One of the most active volcanoes in the world is Mount Etna in Italy. Etna erupts frequently, often producing lava flows and ash plumes that can disrupt air travel and nearby communities. Its consistent activity makes it a key site for studying magma movement and eruption cycles. Similarly, Mount St. Helens in the United States remains an important volcano to watch. Since its catastrophic 1980 eruption, it has shown periodic dome-building activity, indicating that its magma system is still active.
Another major system is Campi Flegrei, a large volcanic caldera near Naples. Unlike typical cone-shaped volcanoes, Campi Flegrei is a vast, underground system that has shown signs of unrest, including ground uplift and increased gas emissions. These changes are detected through geodetic tools such as GNSS and InSAR, which measure subtle surface deformation. Although it has not erupted since 1538, its recent activity suggests a heightened likelihood of future eruptions within this century.
Perhaps the most widely discussed volcanic system is Yellowstone Caldera in the United States. While often labeled a “supervolcano,” a massive eruption is considered unlikely in the near future. However, Yellowstone experiences frequent seismic activity and ground deformation, indicating an active magma system. Smaller hydrothermal or lava flow events are more probable and are continuously monitored by scientists.

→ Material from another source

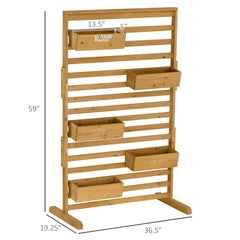 Outsunny Wooden Plant Trellis Stand with 5 Hanging Planter Boxes, Freestanding Outdoor Plant Stand for Patio, Garden, Balcony, Porch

In Mexico, Popocatépetl has been highly active in recent decades, producing frequent ash emissions and minor eruptions. Its proximity to large urban centers makes it one of the most closely watched volcanoes in North America. Continuous monitoring helps provide early warnings and reduce risks to nearby populations.
Modern geodesy plays a crucial role in forecasting volcanic activity. Techniques such as GNSS measure ground deformation caused by magma movement beneath the surface, while InSAR provides satellite-based observations of surface changes over time. Gas emissions, seismic activity, and thermal imaging are also integrated into monitoring systems. Together, these tools allow scientists to detect early signs of unrest, even if precise eruption timing remains uncertain.

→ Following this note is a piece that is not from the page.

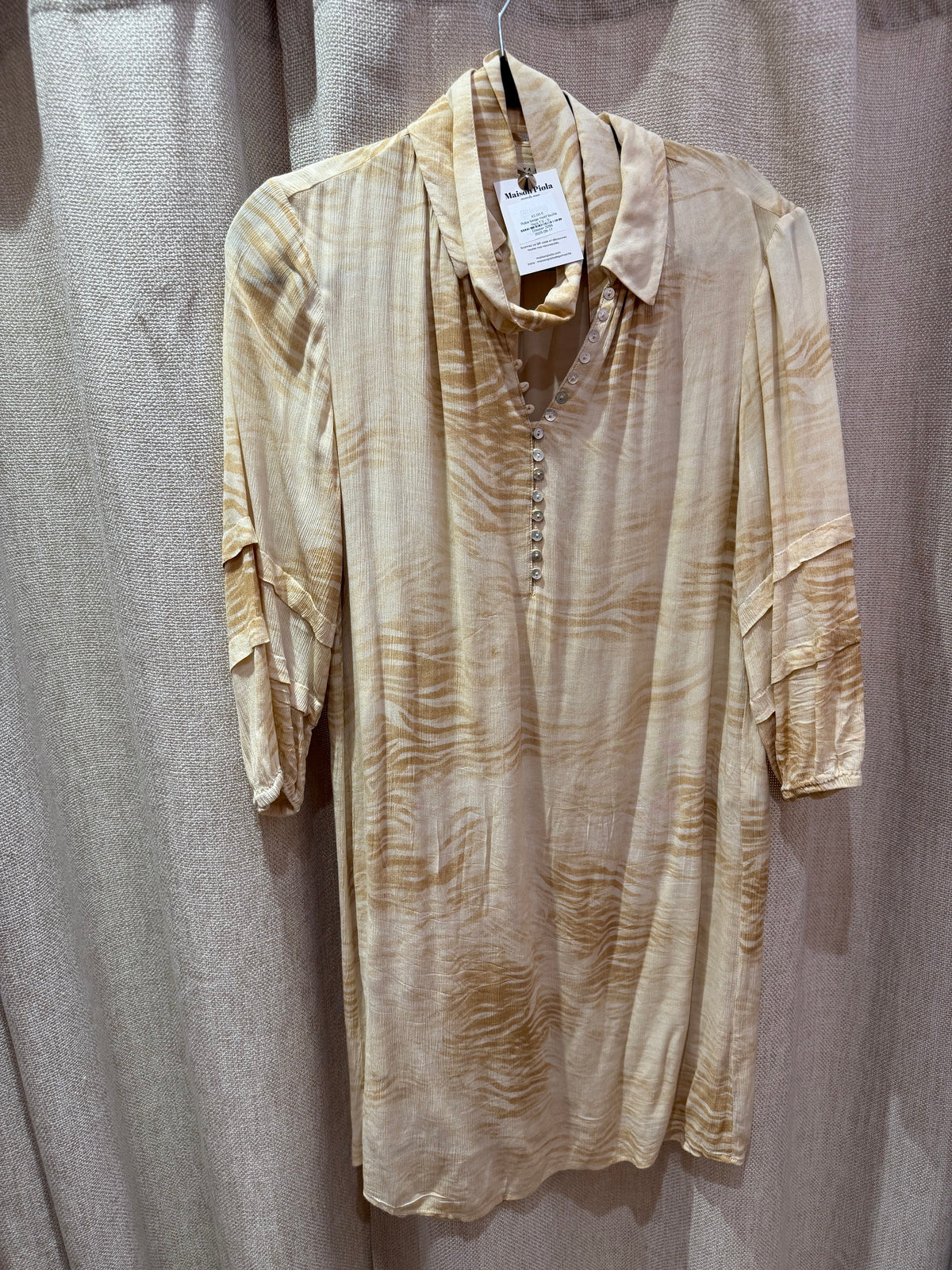 Robe beige motif feuille Yaya T.S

It is important to note that “due to erupt” does not mean an eruption is imminent, but rather that these volcanoes have a high probability of activity based on past behavior and current signals. Volcanoes operate on complex timescales, and even well-monitored systems can remain quiet for decades before erupting.
In conclusion, while we cannot predict exactly when a volcano will erupt, we can identify which systems are most likely to become active in the coming decades. Continuous monitoring and advances in geodesy are improving our ability to understand these powerful natural processes, helping societies better prepare for future eruptions.